**Work order**
Output, word for word, the line that contains "Conditioning Deflector PWTS" and all lines following it to the end of the listing. Drop the pictures.

**Available data**
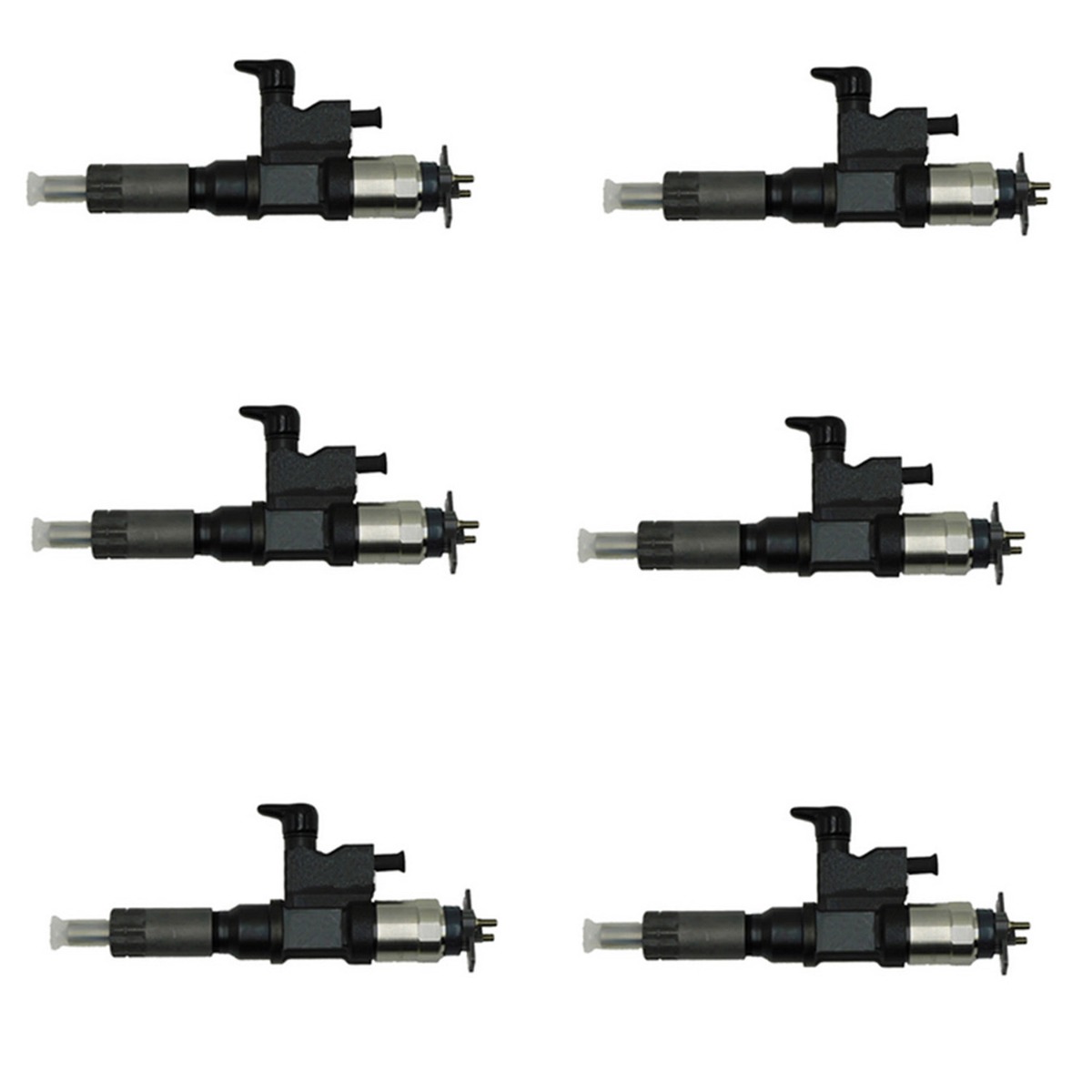 6 pièces Injecteur de carburant 8-97609791-5 pour Isuzu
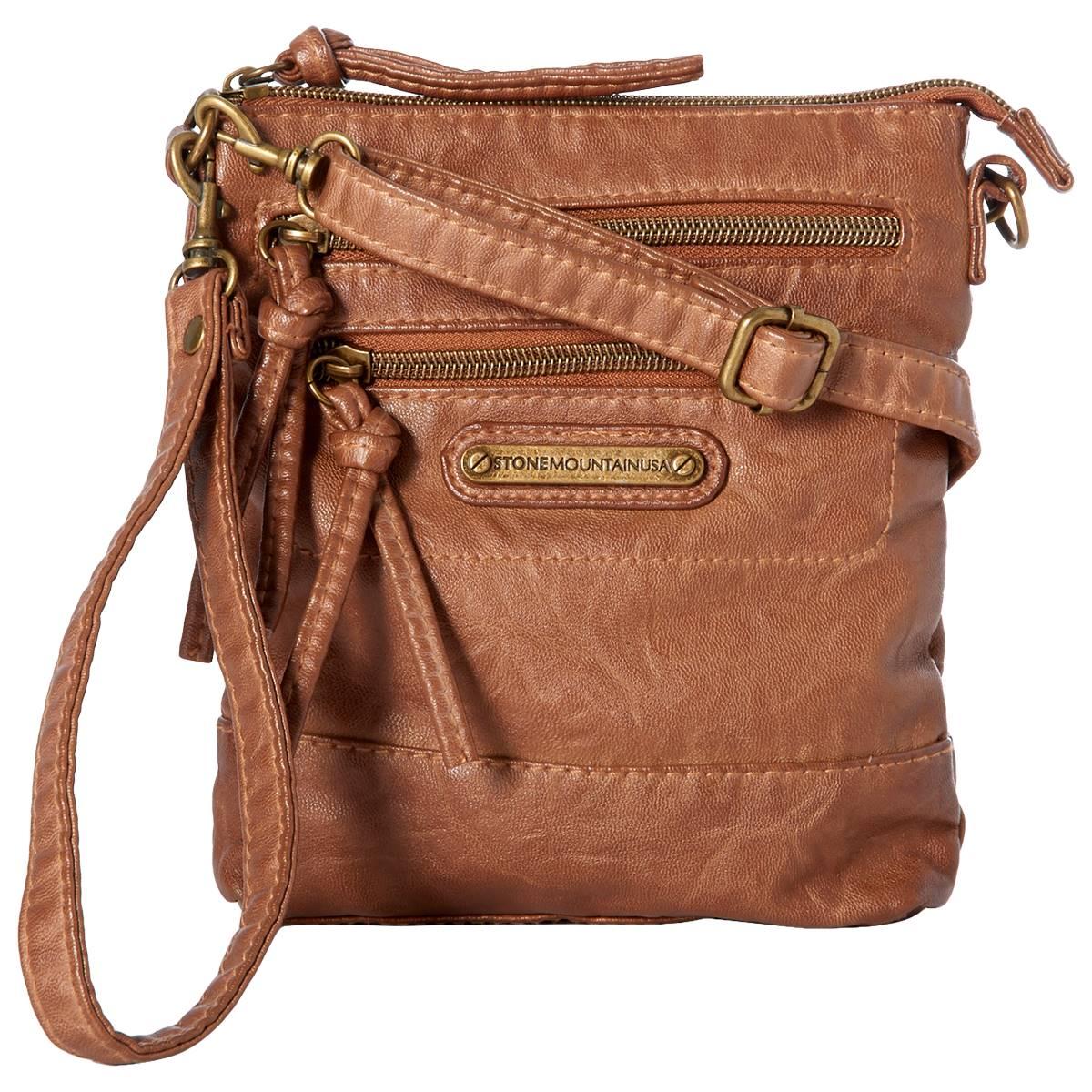 Stone Mountain Smokey North/South 3 Bagger Crossbody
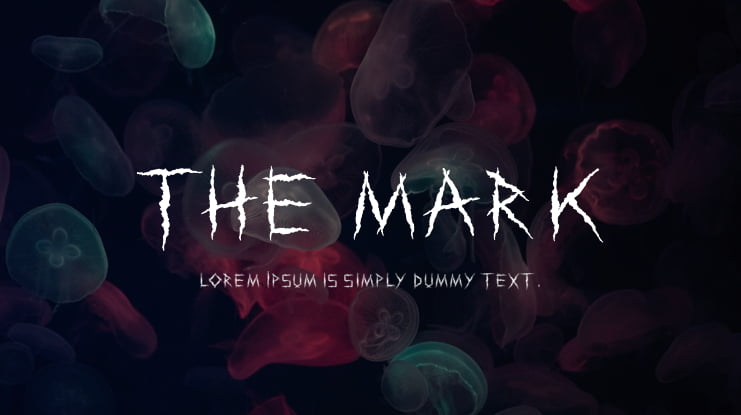 the mark Font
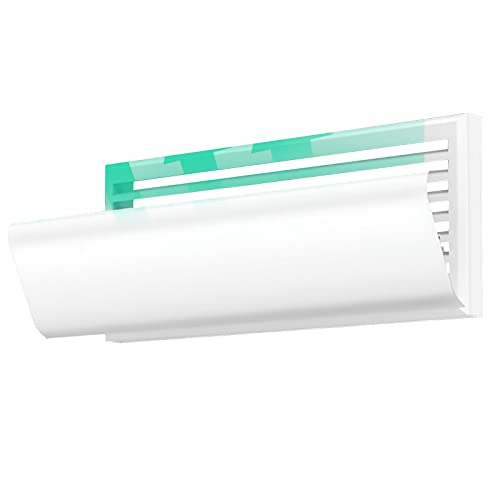 PWTS Air Conditioner Deflector Adjustable Sidewall Air Conditioning Deflector PWTS Air Conditioner Deflector Adjustable Sidewall Air Conditioning Deflector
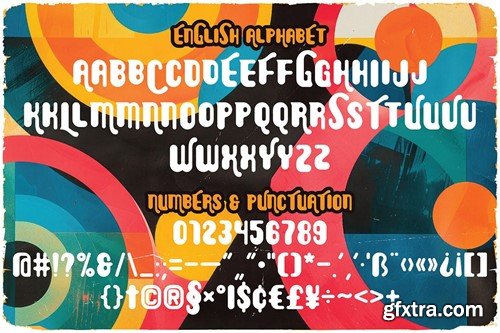 Music Store Retro Rounded Font X88STQE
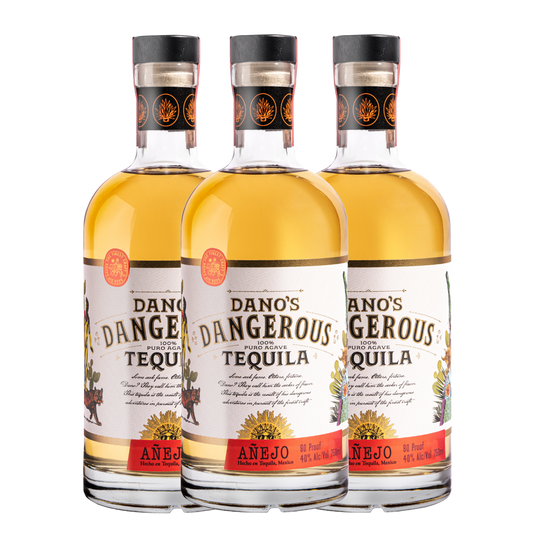 3 Bottle Bundle - Dano's Añejo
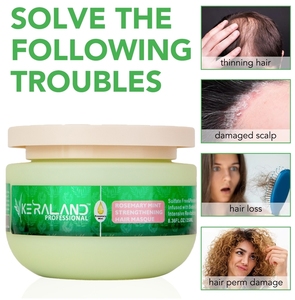 Olio <span class=keywords><strong>di</strong></span> Rosmarino e Menta per la Cura dei Capelli: Capelli Morbidi, Setosi e Gestibili, Colore Naturale Più Brillante e Aspetto Più Sano - Product Image 4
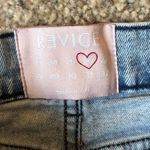 Revice Denim REVICE High Rise Light Blue Jeans with Star Details Photo 5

**Output of the task**
 PWTS Air Conditioner Deflector Adjustable Sidewall Air Conditioning Deflector PWTS Air Conditioner Deflector Adjustable Sidewall Air Conditioning Deflector
 Music Store Retro Rounded Font X88STQE
 3 Bottle Bundle - Dano's Añejo
 Olio <span class=keywords><strong>di</strong></span> Rosmarino e Menta per la Cura dei Capelli: Capelli Morbidi, Setosi e Gestibili, Colore Naturale Più Brillante e Aspetto Più Sano - Product Image 4
 Revice Denim REVICE High Rise Light Blue Jeans with Star Details Photo 5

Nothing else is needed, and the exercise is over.